1) You don’t encode memories in meaningful ways.

Memory works through association. Try to process the information – what is it similar to, different from, and why? For example, if you’re trying to memorize a certain philosophical theory, compare it to another one. If you’re trying to remember someone’s name, think of other people with that name, and picture them all having a “Brian Party.”
For memorization of things like lists and digits, you’ll need to use a system like the link system or the memory palace. These involve making ridiculous mental images out of the list items, hence making them more memorable.

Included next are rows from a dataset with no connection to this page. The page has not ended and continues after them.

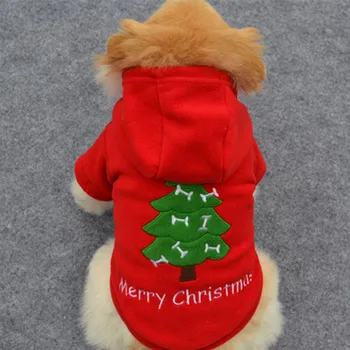 Kalėdų Šunų Apranga Žiemą Šiltas Vilnos Hoodies Paltai Smulkaus Ir Vidutinio Šunys Naujųjų Metų Šuniuką Šunų Kostiumų Šuniuką Jorkšyro Apranga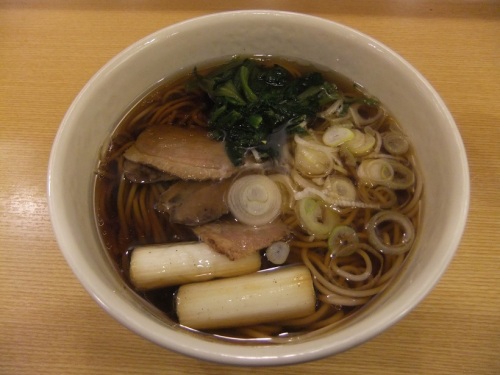 箱根そば本陣＠新宿駅の鴨南蛮そば550円１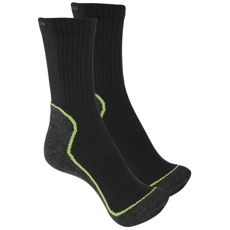 Gule og sorte Coolmax-strømper, perfekte til sport og hverdag.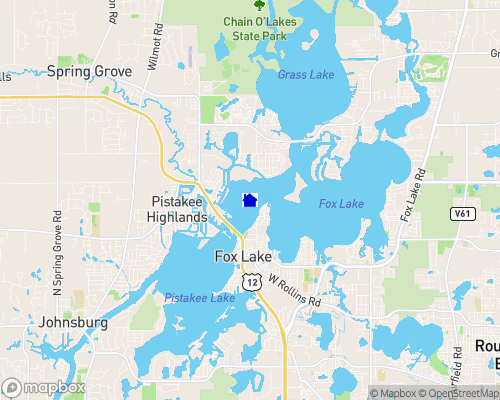 Chain O Lakes - Nippersink Lake Map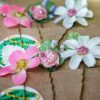 Hand Crafted Flower Hair Clips - floral pins - Image 2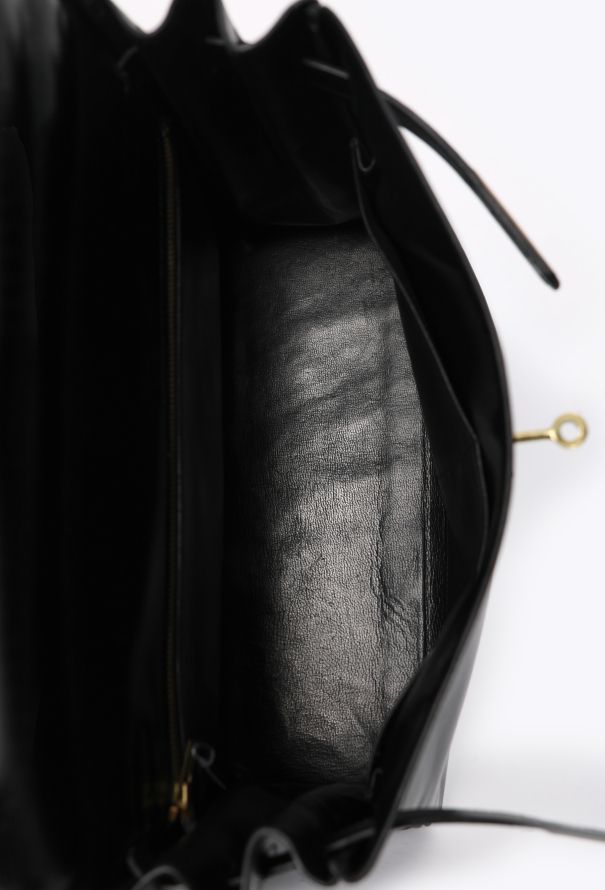 Hermès Vintage Black Box Kelly Retourné 32 - 15
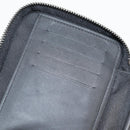 LOUIS VUITTON Monogram Eclipse Double Phone Pouch Gray M69534 LV Auth BA1275A-21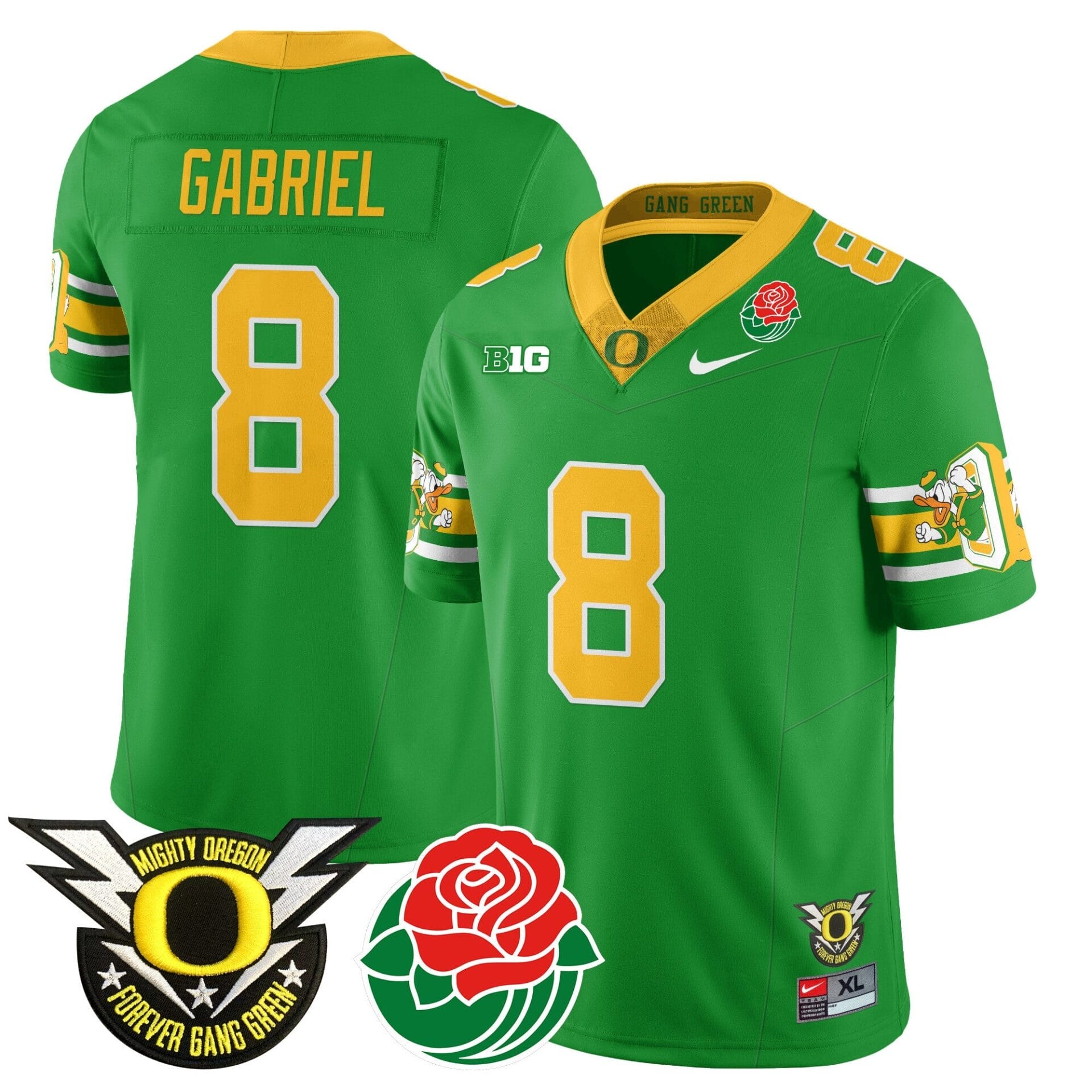 Oregon Ducks 2024 Rose Bowl Jersey - All Stitched - Image 10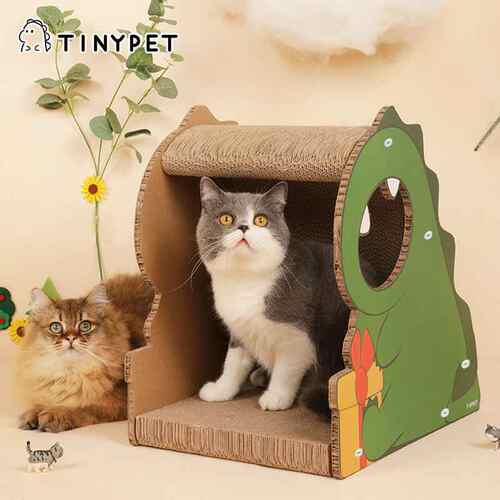 Tinypet小芥 小恐龙猫抓板 猫爬架瓦楞纸猫窝 猫爪板猫咪玩具用品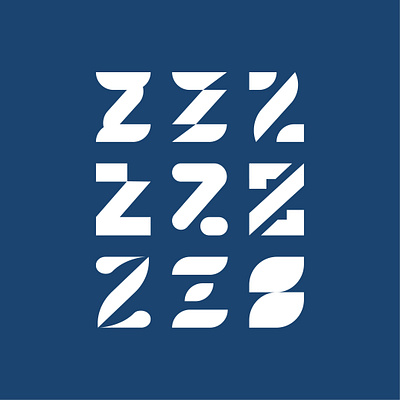 ZZZ Logo Concept Design branding clean design flat graphic icon identity letter logodesign logomaker logos type typography vector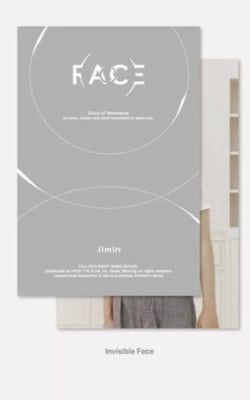 Album Jimin Bts Face (ver. Invisible Face) +2 Photocard Pob2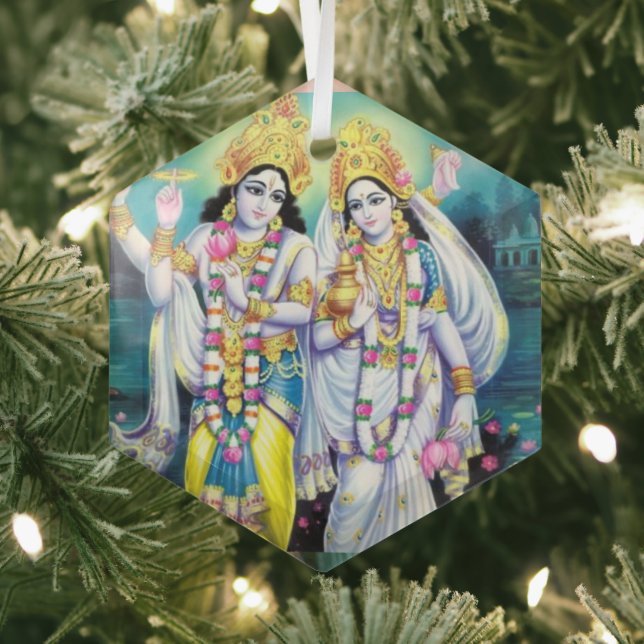 Shri Hari Vishnu  Glass Ornament (Insitu)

2) You only have one path to the memory

Say you receive a new four-digit PIN in the mail: 1429. You look at the slip, repeat it a few times in your head then throw it away. The mistake is you were only exposed to the memory in one context. Memory experts create multiple cues by which to recall information. They make their cues meaningful, novel, or ridiculous to make them easier to remember. For example: • Create two mental images based on those four digits. Maybe the 14 is a local bus in your area, and you know a sports player who wears 29 on his jersey. Imagine that player in his full sports gear driving the 14 bus in whatever area it goes.• Visualize a bright light moving across a keypad, from the eight to the four, to the two, and to the nine.• Imagine you wake up in the morning and your partner (or imagined partner) is holding a lottery ticket shouting “We one! We one!”. You open your bedroom door and there is Tiger Woods shouting “Four!” as he drives off. William Shakespeare is at the top of your staircase saying “Two be, or not two be!”. You go downstairs and try to get into your kitchen but Hitler blocks your way, shouting “Nine! Nine!”.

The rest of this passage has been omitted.